The next question, however, was whether or not the cache_aligned_allocator implements pooling. I examined the source code, and found that malloc() was called directly rather than scalable_malloc(). I would take this to imply that in fact the cache_aligned_allocator does not operate from a memory pool.
What is the reason for this?
It's probably not obvious from the code that cache_aligned_allocator uses scalable_malloc if available, otherwise (and in some other cases) falls to malloc. The reason is the same as I told here: making sure TBB is able to work even if the scalable allocator library is absent. You shouldn't just believe my word :) - look for MallocHandler and see how it is used.
aj.guillon:Perhaps this is computationally too difficult to do... finding chunks of memory in the pool that are the right size might be too much computation to do in an allocation call?

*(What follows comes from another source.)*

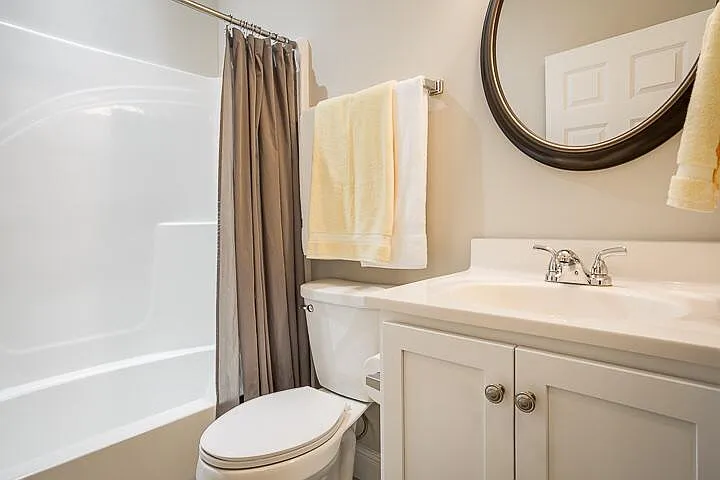 919 Windsor Isle Dr — Photo 4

We plan improvements to the TBB allocators, and supporting aligned allocation in scalable_malloc is amongst those. And yes, it won't come for free; either it will be slower, or (more likely) it will pad the memory block. As you might guess, cache_aligned_allocator also adds some padding; so it will need to be customized to avoid excessive padding when used together with scalable_malloc.
By the way, the scalable allocator takes own actions to reduce false sharing; namely, different threads can not allocate from the same cache line. Same thread, however, can allocate a few small objects from the same cache line. This is different from the cache_aligned_allocator behaviour; the latter is thread-oblivious and treats each allocation as deserving separate cache line(s).